6
votes

I asked a question a little while ago (Python splitting unknown string by spaces and parentheses) which worked great until I had to change my way of thinking. I have still not grasped regex so I need some help with this.

If the user types this:

new test (test1 test2 test3) test "test5 test6"

I would like it to look like the output to the variable like this:

["new", "test", "test1 test2 test3", "test", "test5 test6"]

In other words if it is one word seperated by a space then split it from the next word, if it is in parentheses then split the whole group of words in the parentheses and remove them.

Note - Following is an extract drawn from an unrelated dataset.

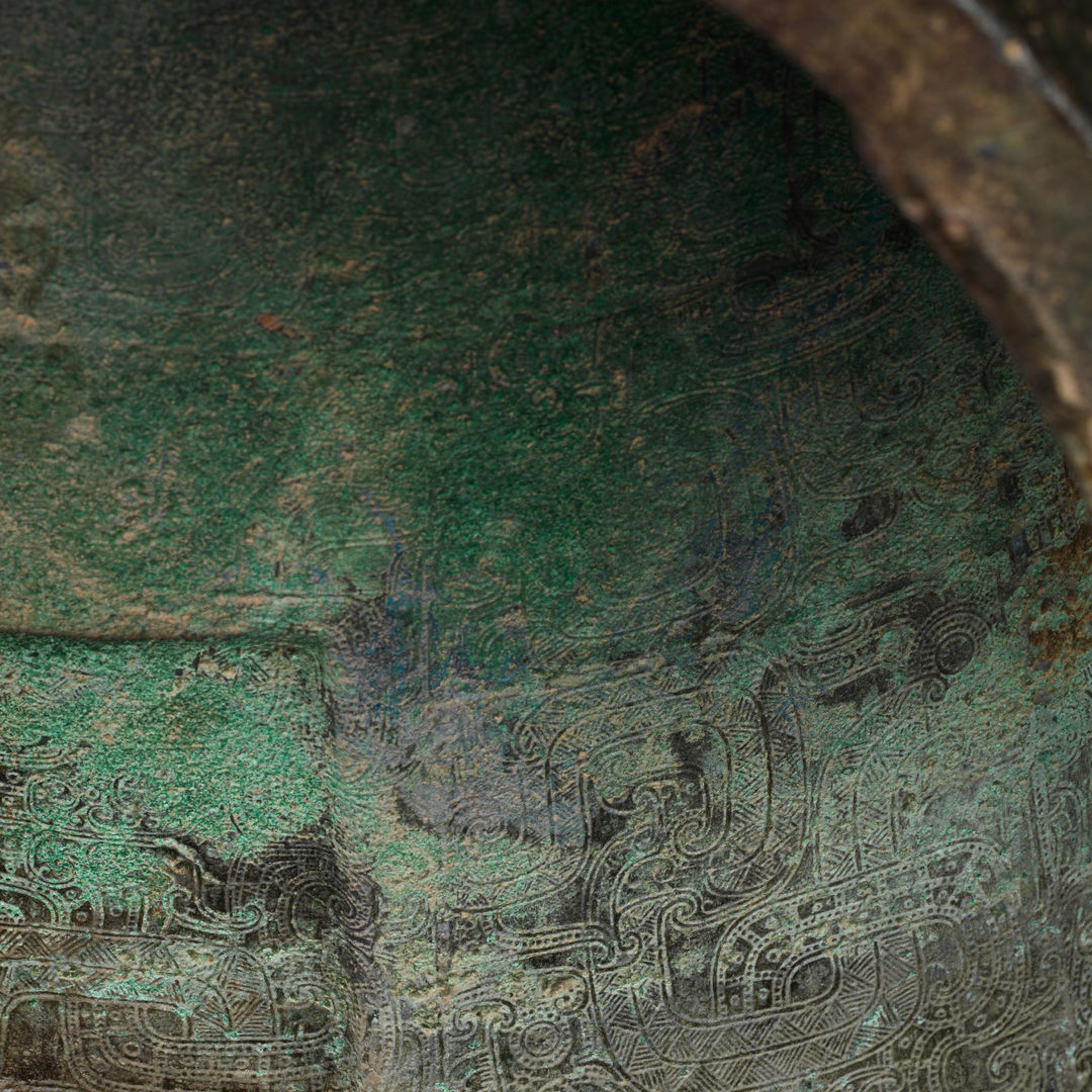 Detail of the interior of a 5th-century BC bronze Chinese zhong or bell with a green patina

Same goes for the quotation marks.

I currently am using this code which does not meet the above standard (From the answers in the link above):

>>>import re
>>>strs = "Hello (Test1 test2) (Hello1 hello2) other_stuff"
>>>[", ".join(x.split()) for x in re.split(r'[()]',strs) if x.strip()]
>>>['Hello', 'Test1, test2', 'Hello1, hello2', 'other_stuff']

This works well but there is a problem, if you have this:

strs = "Hello Test (Test1 test2) (Hello1 hello2) other_stuff"

It combines the Hello and Test as one split instead of two.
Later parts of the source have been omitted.